In this guide, you'll learn practical, battle-tested best practices for organizing, writing, and managing Terraform code that scales with your infrastructure needs.
Use a Consistent Directory Structure
Organize your Terraform code with a logical directory structure to enhance maintainability:
terraform-project/
├── environments/
│ ├── dev/
│ │ ├── main.tf
│ │ ├── variables.tf
│ │ ├── outputs.tf
│ │ └── terraform.tfvars
│ ├── staging/
│ └── production/
├── modules/
│ ├── networking/
│ ├── compute/
│ └── database/
└── .gitignore
This structure separates your environments from your reusable modules, allowing for clear organization and consistent deployments across environments.

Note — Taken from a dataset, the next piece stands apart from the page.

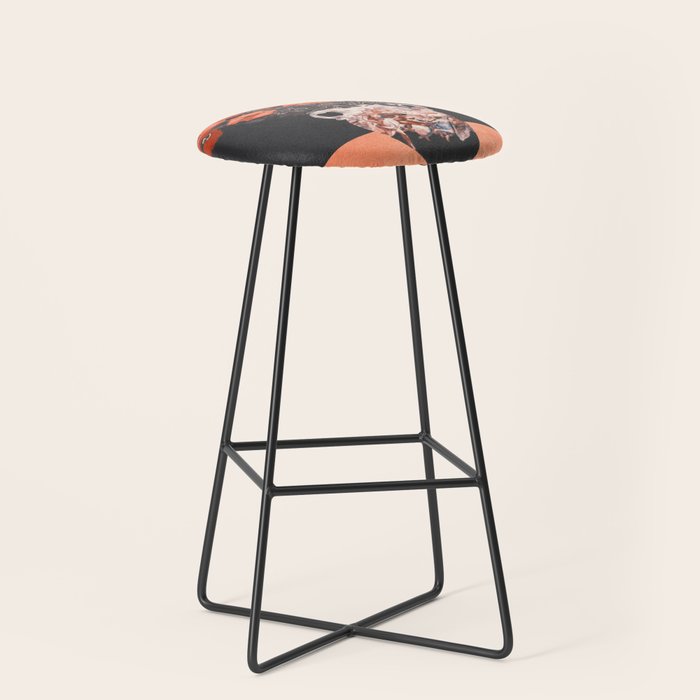 POPPY BOUQUET 2 Stool Gallery Image 1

Split Resources into Logical Modules
Instead of defining all resources in a single file, organize them into logical modules:
# modules/networking/main.tf
resource "aws_vpc" "main" {
cidr_block = var.vpc_cidr
tags = {
Name = "${var.project}-vpc"
Environment = var.environment
Terraform = "true"
}
}
resource "aws_subnet" "public" {
count = length(var.public_subnet_cidrs)
vpc_id = aws_vpc.main.id
cidr_block = var.public_subnet_cidrs[count.index]
availability_zone = var.availability_zones[count.index]
tags = {
Name = "${var.project}-public-subnet-${count.index}"

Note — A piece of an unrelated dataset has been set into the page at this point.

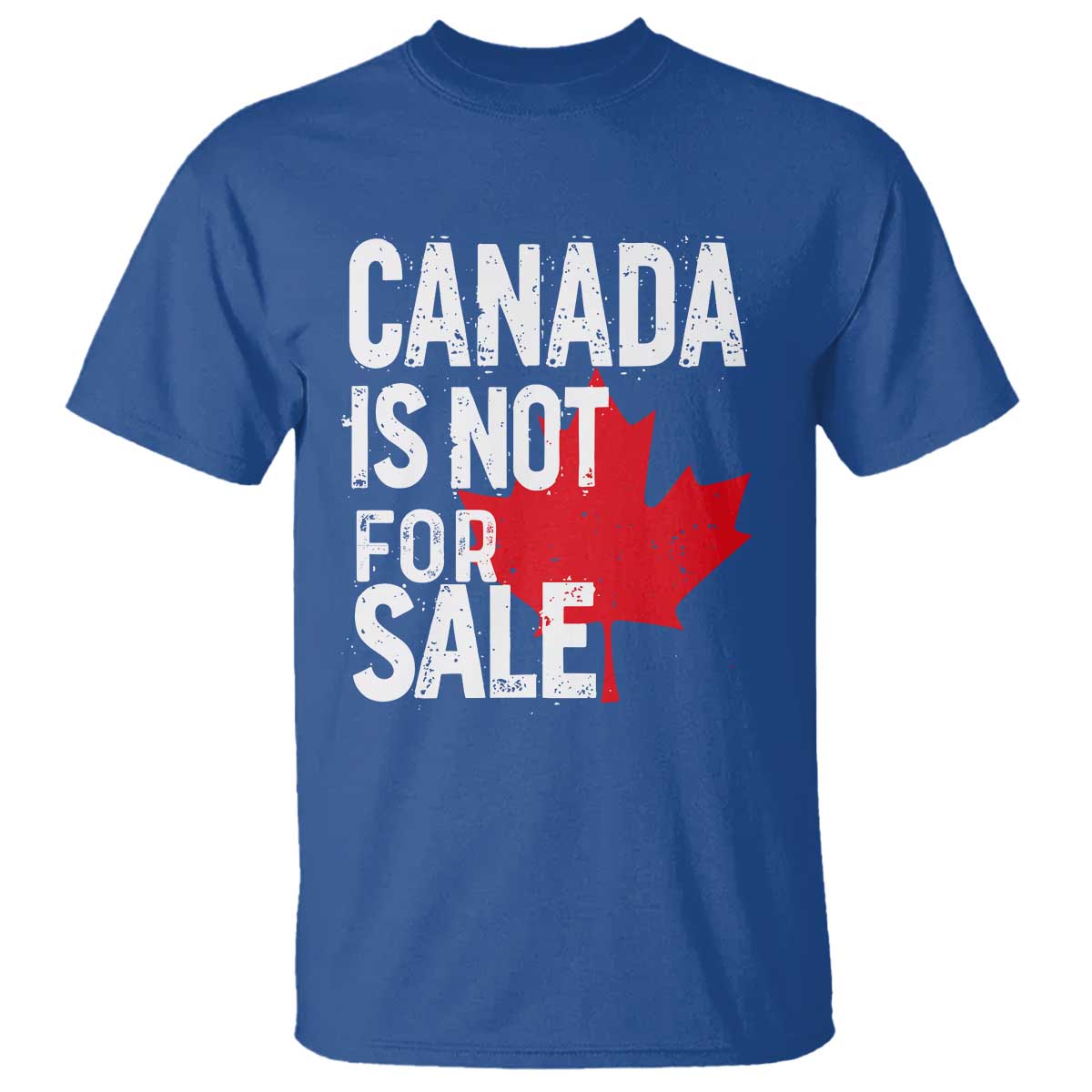 Canada Is Not For Sale T Shirt Distressed Vintage Canadian Maple Leaf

Environment = var.environment
Terraform = "true"
}
}
# Additional networking resources...
Each module should represent a logical component of your infrastructure and handle a specific concern. This approach makes your code more maintainable and reusable.

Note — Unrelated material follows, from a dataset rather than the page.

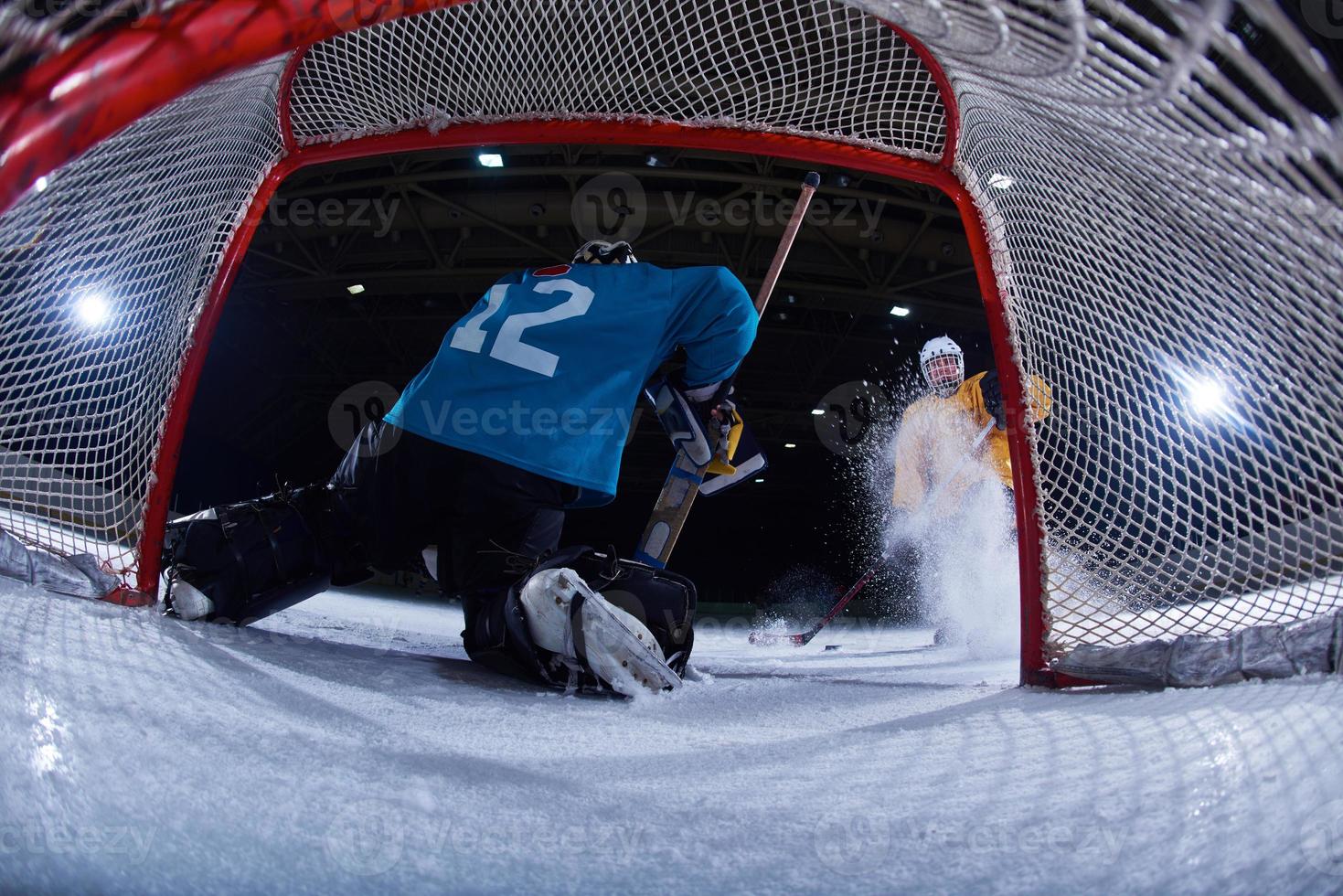 ice hockey goalkeeper photo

Use Variables for Configuration
Define variables for all configurable parameters to make your modules flexible:
# modules/database/variables.tf
variable "instance_class" {
description = "The instance type of the RDS instance"
type = string
default = "db.t3.micro"
}
variable "allocated_storage" {
description = "The allocated storage in gigabytes"
type = number
default = 20
}
variable "engine_version" {
description = "The engine version to use"
type = string
default = "13.7"
}
variable "database_name" {
description = "The name of the database to create"
type = string
}
variable "environment" {
description = "The deployment environment (dev, staging, prod)"
type = string
}
Always include a description, type, and (when appropriate) a default value for each variable. This documentation helps other team members understand the purpose and requirements of each parameter.
Implement Consistent Naming and Tagging Conventions
Consistent naming and tagging greatly improve resource management and organization:
# Create a standardized tagging function
locals {
common_tags = {
Project = var.project_name
Environment = var.environment
Owner = var.team
ManagedBy = "Terraform"
}
}
resource "aws_s3_bucket" "logs" {
bucket = "${var.project_name}-${var.environment}-logs"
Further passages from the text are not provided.